Jovens em uma passeata com as mãos levantados em protesto

Já se disse que o pior da ditadura é o guarda da esquina, significando que o rompimento da ordem constitucional contamina todos os segmentos do Estado, como se autorizasse cada representante do poder, por mais insignificante, a agir como um pequeno tirano. Podemos acrescentar que, além do guarda da esquina, existem os amigos e parentes do ditador, sempre dispostos a usufruir os privilégios de tal relação.

Neste momento, segmentos da sociedade, ingênuos ou nem tanto, desejam reeditar marchas salvadoras de meio século atrás, como se “ir aos bivaques bulir com os granadeiros” (como dizia o marechal Castelo Branco) pudesse conduzir a alguma solução para questões de insegurança, corrupção e descalabros outros, que nos infelicitam a todos.

Quando ocorreram as marchas originais, o país estava à beira de algo como uma guerra civil – esquerda e direita vociferavam abertamente planos sangrentos para a imposição de suas visões do paraíso. A direita conquistou o apoio de grande parte da classe média e da imprensa e, finalmente, das forças armadas, que só esperavam o convite. O golpe militar foi consequência.

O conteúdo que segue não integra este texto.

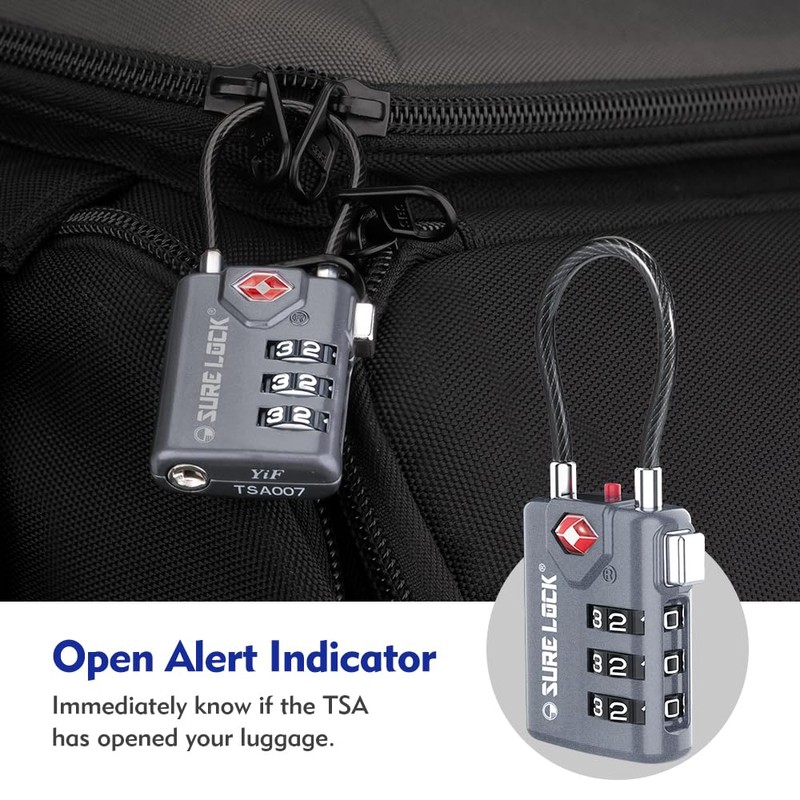 SURE LOCK-Unisex Adult TSA Compatible Travel Luggage Locks, Inspection Indicator,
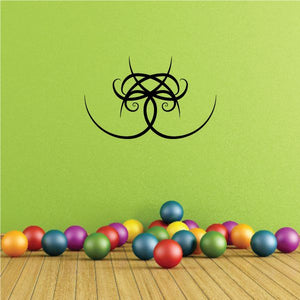 Tribal pinstripe vinyl wall decal, black decorative swirl design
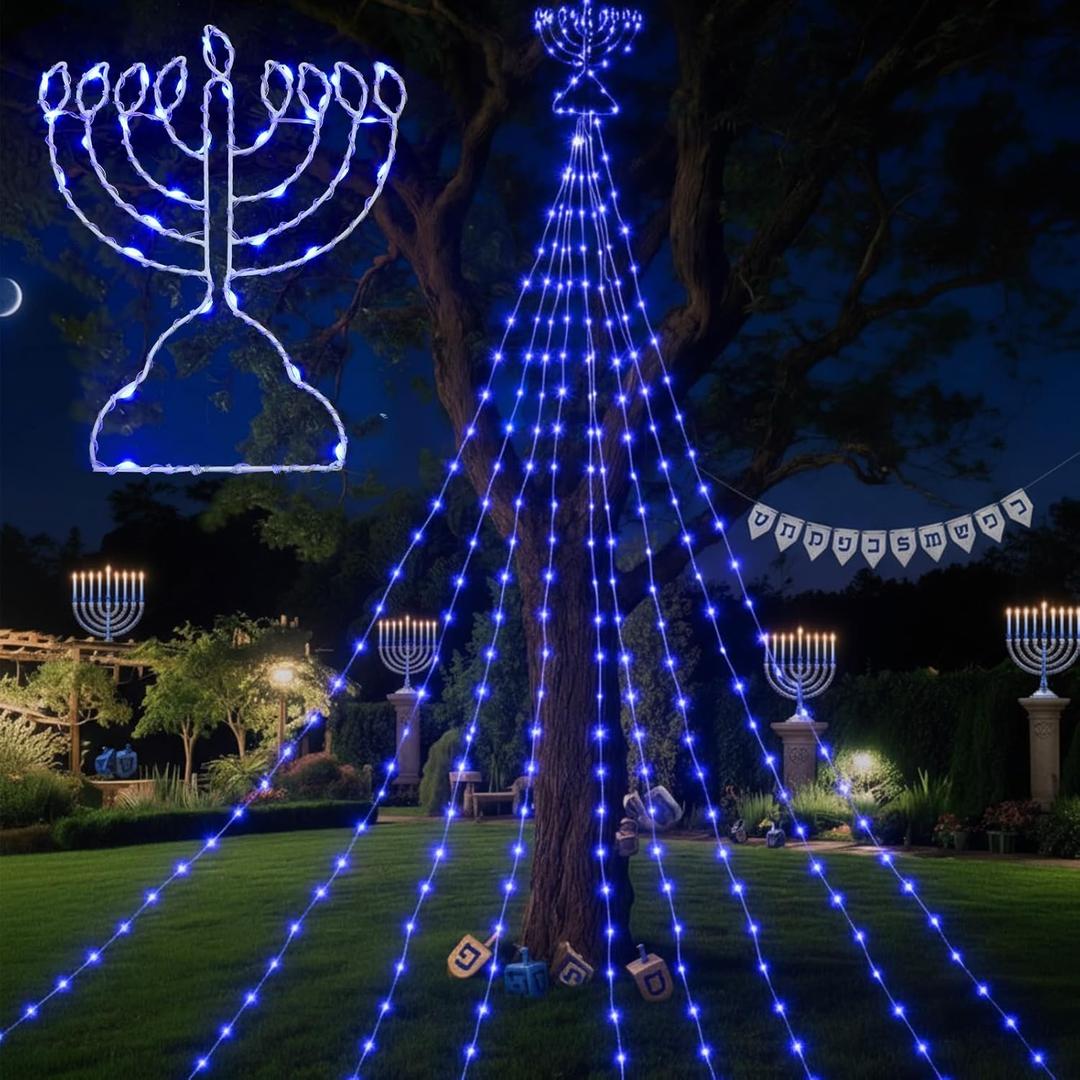 11.5ft Hanukkah Menorah Lights Outdoor Decor Hanukkah Waterfall Lights Blue Menorah LED Extension Cord USB Powered for Tree Yard Window Door Patio Wall Porch Chanukah Party Decorations
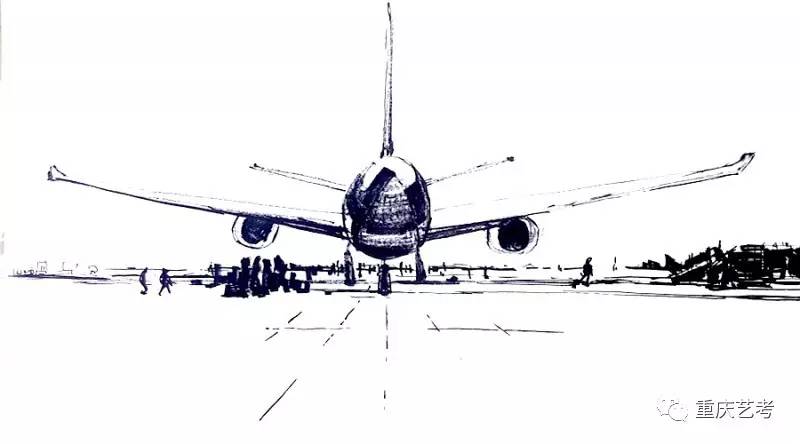 c919飞机手绘图片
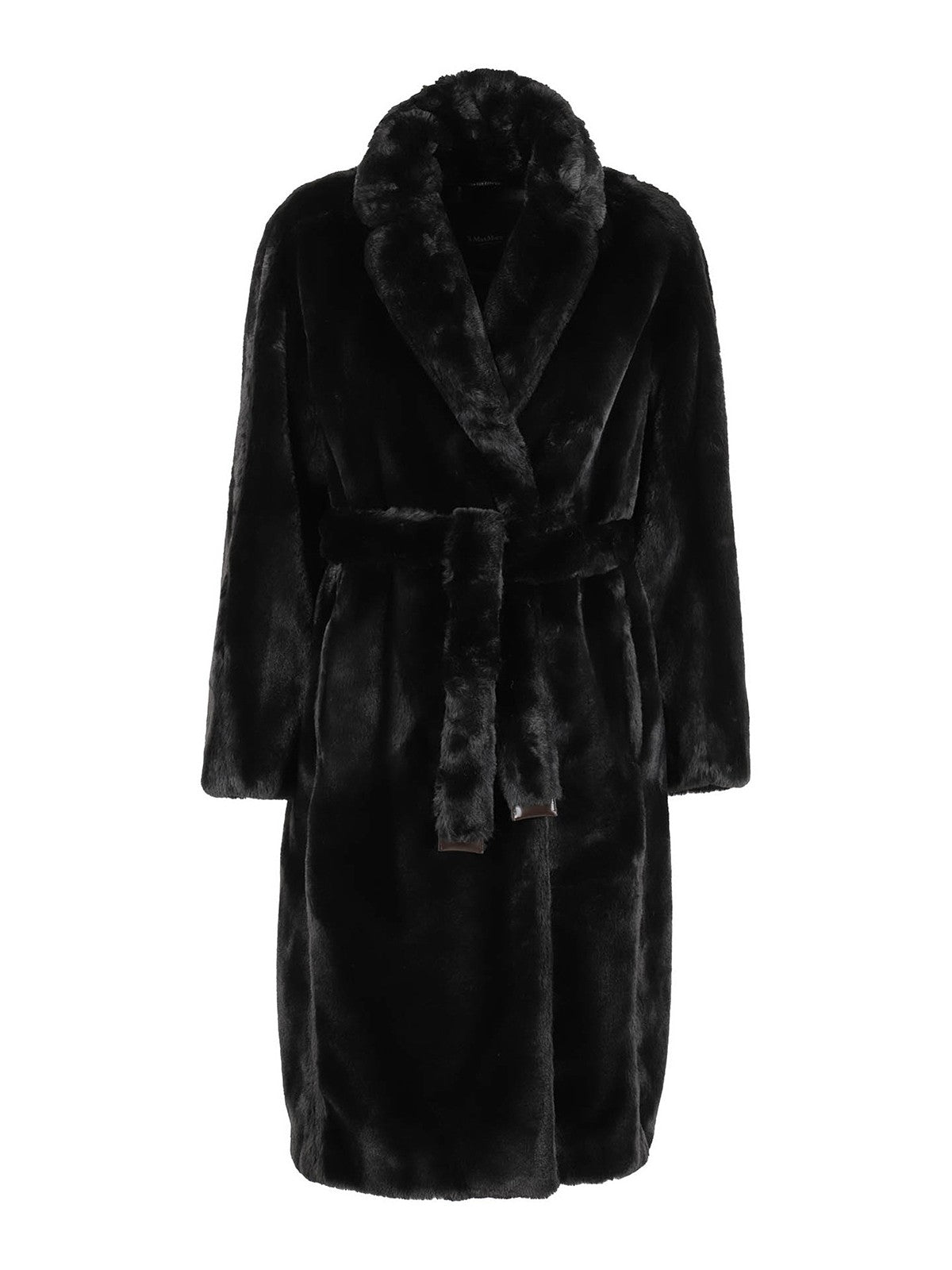 

Женское длинное пальто из искусственного меха Adorato MAX MARA черного цвета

Fala-se, sem provar, que os comandantes do primeiro governo militar pretendiam garantir a realização das eleições presidenciais de 1965. Mas pressões de outras alas, desconfianças acerca dos dois prováveis candidatos mais fortes (o ex-presidente Juscelino Kubitschek e o governador da Guanabara, Carlos Lacerda), o gosto doce do poder, e as aspirações dos onipresentes parentes e amigos, remeteram as boas intenções às calendas. O processo seguiu seu curso inevitável – e amargamos anos de ditadura.

Temos o sentimento de que algo está muito errado no país. Não nos sentimos seguros nem em nossas próprias casas; não temos confiança nos agentes públicos e privados; vemos escândalos se avolumarem em todas as instâncias de governo. E queremos solução; e temos pressa; e, às vezes, cedemos à tentação infantil do remédio mágico, como se um poder absoluto pudesse encarcerar para sempre todos os maus, limpar rapidamente as instituições, garantir a poder de espada prosperidade e justiça. Já vimos filme parecido. Não acaba bem. Muitos morreram até mesmo antes do final.

Uma observação que se ouve com frequência de pessoas mais velhas é que “no meu tempo era melhor”. A percepção do passado tem quase sempre certo viés de irrealidade, como se fosse lembrança apenas da parte boa do ocorrido. Uma tarde distante de chuva parece ter se constituído apenas da beleza da própria chuva, sem o desconforto dos pés molhados ou do transito complicado. Os saudosos da ditadura lembram sua própria juventude, idealizam um tempo em que acham que tudo era mais simples e certo. Esquecem mortes, prisões ilegais, tortura, arbitrariedade e censura – e de que mesmo um Congresso com graves defeitos é muitíssimo melhor que um Congresso fechado.

Educadores têm a obrigação da clarividência – não a dos magos que preveem o futuro em folhas de chá, mas no sentido lato: visão clara. Olhar com cuidado, discernimento e sem paixões o momento dos jovens, ainda nem nascidos quando tudo aconteceu, para que não se enganem: segundo o mito, os vampiros aos quais se permite entrada não sairão tão facilmente.